I am using Hive on HDinsight, and I want to store the output of the job in Azure storage (blob). I tried
INSERT OVERWRITE DIRECTORY 'wasb://[email protected]/'
SELECT name, COUNT(*) as count FROM test
GROUP BY name
ORDER BY count DESC
But this returned error "Error: java.lang.RuntimeException: Error in configuring object". Can you please help me redirect the output of the job to Azure blob storage?
To point to Azure Blob Storage, you need to use the wasb://
or wasbs://
uri prefix, like:
INSERT OVERWRITE DIRECTORY 'wasb://[email protected]/output' ...

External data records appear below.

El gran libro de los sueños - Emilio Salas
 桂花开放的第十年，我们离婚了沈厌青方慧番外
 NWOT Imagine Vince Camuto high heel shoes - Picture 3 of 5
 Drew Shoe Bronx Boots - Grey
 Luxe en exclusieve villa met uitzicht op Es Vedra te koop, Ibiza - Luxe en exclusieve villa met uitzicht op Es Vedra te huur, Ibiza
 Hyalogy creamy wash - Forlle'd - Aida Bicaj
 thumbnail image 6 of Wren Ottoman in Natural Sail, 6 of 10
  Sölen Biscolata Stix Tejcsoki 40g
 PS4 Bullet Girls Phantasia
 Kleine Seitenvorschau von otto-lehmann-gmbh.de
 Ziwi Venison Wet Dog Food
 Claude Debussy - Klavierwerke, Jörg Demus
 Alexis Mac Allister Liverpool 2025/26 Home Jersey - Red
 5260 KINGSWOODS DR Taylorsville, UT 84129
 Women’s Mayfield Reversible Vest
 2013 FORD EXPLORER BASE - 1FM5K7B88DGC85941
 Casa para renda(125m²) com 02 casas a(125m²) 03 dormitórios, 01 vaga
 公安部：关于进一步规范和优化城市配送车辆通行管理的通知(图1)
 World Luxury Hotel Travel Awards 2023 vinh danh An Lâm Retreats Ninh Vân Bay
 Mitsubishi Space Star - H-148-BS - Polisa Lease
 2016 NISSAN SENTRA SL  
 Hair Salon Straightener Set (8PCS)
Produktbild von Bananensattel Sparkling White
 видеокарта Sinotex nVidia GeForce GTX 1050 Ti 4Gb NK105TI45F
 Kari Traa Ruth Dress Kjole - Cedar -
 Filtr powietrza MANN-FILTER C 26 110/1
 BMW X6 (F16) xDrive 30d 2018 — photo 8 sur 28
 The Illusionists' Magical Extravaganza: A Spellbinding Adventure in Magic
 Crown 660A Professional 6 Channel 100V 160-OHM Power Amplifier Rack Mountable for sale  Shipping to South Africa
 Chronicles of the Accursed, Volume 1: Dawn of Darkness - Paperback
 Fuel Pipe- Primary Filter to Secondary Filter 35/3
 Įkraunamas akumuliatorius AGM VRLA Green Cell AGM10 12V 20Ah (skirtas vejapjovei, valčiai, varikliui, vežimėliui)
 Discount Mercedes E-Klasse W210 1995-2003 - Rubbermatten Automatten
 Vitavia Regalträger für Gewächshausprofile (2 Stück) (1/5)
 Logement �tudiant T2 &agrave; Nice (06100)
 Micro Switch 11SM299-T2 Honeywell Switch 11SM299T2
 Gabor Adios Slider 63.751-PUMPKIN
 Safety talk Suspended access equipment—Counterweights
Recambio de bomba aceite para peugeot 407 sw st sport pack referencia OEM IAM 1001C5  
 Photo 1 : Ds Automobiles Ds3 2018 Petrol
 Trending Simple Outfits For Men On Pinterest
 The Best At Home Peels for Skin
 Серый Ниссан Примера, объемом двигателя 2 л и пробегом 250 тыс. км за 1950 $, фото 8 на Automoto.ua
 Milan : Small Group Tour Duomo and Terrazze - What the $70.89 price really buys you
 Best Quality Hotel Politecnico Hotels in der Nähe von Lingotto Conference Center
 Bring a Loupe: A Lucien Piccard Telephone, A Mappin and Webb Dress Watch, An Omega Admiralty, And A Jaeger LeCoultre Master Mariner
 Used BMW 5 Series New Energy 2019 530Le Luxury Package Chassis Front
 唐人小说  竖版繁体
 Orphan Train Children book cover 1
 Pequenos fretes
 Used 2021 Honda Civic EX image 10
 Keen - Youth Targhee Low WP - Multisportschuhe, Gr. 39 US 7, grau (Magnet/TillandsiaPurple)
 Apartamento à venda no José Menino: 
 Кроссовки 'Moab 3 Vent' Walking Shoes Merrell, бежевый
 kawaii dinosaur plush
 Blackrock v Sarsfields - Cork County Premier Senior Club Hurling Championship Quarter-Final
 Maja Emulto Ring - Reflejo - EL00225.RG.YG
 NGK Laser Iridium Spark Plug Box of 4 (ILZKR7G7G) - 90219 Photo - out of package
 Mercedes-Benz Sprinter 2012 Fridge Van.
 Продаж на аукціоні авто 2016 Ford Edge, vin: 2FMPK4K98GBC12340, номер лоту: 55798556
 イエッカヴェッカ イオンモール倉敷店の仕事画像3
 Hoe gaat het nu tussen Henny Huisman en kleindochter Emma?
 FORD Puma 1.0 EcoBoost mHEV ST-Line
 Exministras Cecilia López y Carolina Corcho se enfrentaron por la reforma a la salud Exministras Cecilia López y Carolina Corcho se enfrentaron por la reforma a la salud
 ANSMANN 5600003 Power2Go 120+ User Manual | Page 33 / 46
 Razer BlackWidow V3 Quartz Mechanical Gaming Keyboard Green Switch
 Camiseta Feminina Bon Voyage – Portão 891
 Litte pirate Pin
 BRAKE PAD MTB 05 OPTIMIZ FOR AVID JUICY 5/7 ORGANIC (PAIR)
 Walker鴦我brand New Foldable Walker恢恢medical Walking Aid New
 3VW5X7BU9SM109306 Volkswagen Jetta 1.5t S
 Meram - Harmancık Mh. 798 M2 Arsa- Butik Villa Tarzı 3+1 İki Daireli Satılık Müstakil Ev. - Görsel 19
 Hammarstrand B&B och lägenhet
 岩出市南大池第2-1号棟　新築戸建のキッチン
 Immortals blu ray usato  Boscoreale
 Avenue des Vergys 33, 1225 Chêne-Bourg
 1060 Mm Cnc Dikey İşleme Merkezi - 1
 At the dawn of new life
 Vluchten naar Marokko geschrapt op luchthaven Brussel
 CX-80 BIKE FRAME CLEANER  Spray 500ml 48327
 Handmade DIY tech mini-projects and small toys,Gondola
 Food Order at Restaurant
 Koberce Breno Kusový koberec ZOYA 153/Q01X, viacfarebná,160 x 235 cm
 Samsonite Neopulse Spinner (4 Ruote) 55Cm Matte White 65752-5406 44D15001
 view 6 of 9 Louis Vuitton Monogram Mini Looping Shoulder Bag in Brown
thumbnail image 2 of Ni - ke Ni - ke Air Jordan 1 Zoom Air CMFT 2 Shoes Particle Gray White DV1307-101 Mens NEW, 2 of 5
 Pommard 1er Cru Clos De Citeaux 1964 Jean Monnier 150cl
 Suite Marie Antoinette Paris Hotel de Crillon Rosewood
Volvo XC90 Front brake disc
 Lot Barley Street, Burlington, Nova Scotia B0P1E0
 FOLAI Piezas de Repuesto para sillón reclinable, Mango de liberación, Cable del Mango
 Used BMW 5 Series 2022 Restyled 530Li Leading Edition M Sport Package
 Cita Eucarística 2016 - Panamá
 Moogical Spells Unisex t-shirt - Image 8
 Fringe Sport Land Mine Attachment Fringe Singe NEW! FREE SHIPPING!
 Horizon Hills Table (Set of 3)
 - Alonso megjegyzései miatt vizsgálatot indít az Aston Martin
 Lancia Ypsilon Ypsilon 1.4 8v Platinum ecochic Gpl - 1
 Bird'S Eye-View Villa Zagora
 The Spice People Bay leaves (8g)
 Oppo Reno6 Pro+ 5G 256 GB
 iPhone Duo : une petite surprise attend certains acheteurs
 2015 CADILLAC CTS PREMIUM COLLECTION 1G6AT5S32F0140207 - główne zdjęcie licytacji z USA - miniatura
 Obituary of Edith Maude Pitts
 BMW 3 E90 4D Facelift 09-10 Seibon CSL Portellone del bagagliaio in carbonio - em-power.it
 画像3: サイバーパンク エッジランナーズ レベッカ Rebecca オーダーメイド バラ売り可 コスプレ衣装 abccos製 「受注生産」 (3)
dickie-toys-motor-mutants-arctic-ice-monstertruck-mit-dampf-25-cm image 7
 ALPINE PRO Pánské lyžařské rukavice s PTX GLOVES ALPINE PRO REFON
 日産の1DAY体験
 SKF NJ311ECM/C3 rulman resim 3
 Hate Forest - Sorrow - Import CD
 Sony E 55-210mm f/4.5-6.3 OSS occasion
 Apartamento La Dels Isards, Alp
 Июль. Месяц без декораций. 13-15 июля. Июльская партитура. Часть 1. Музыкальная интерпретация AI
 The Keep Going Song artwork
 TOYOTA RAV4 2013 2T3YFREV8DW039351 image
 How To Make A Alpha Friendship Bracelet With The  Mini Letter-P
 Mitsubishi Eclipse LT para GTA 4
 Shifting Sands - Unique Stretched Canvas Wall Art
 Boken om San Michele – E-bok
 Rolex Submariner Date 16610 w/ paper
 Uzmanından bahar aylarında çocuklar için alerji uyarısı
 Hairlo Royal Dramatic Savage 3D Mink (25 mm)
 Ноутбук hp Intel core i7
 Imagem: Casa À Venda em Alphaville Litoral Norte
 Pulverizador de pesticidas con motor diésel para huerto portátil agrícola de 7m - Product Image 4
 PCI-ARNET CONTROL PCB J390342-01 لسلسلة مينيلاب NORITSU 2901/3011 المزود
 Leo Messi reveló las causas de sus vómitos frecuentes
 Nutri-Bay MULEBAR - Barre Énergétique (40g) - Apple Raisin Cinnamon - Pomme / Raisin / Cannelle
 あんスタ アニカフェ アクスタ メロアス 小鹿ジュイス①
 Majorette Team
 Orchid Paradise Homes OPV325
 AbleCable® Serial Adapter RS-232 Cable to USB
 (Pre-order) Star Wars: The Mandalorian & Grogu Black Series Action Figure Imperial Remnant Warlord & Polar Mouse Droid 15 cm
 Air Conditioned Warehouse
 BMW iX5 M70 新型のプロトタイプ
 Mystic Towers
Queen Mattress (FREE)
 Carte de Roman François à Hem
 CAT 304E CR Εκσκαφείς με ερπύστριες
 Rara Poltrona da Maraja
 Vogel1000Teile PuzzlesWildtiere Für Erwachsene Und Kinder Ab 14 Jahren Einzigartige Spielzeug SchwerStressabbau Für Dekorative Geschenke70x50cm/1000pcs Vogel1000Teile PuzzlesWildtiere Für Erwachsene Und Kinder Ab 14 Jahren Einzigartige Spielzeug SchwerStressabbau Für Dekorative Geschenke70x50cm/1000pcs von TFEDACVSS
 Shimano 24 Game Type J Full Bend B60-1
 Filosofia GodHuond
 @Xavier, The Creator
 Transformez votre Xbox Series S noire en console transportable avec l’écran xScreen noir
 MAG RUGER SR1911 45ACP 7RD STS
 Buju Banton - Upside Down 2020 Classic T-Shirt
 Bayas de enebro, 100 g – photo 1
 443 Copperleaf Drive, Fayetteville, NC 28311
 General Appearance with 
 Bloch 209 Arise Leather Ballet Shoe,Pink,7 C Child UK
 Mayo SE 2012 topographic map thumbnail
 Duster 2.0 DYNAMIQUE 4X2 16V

This article has lots of examples: http://azure.microsoft.com/en-us/documentation/articles/hdinsight-hadoop-use-blob-storage/
I think you also need to provide a directory in the path. It looks like INSERT OVERWRITE expects to be able to operate on the directory in a way that is not allowed at the root. Can you try:
INSERT OVERWRITE DIRECTORY 'wasb://[email protected]/output'
SELECT name, COUNT(*) as count FROM test
GROUP BY name
ORDER BY count DESC;
Also, don't forget to terminate the expression with the ;
Lastly, if the above does not work, can you confirm that you have access to the storage account in question from the Hive session by just running:
dfs -ls wasb://[email protected]/;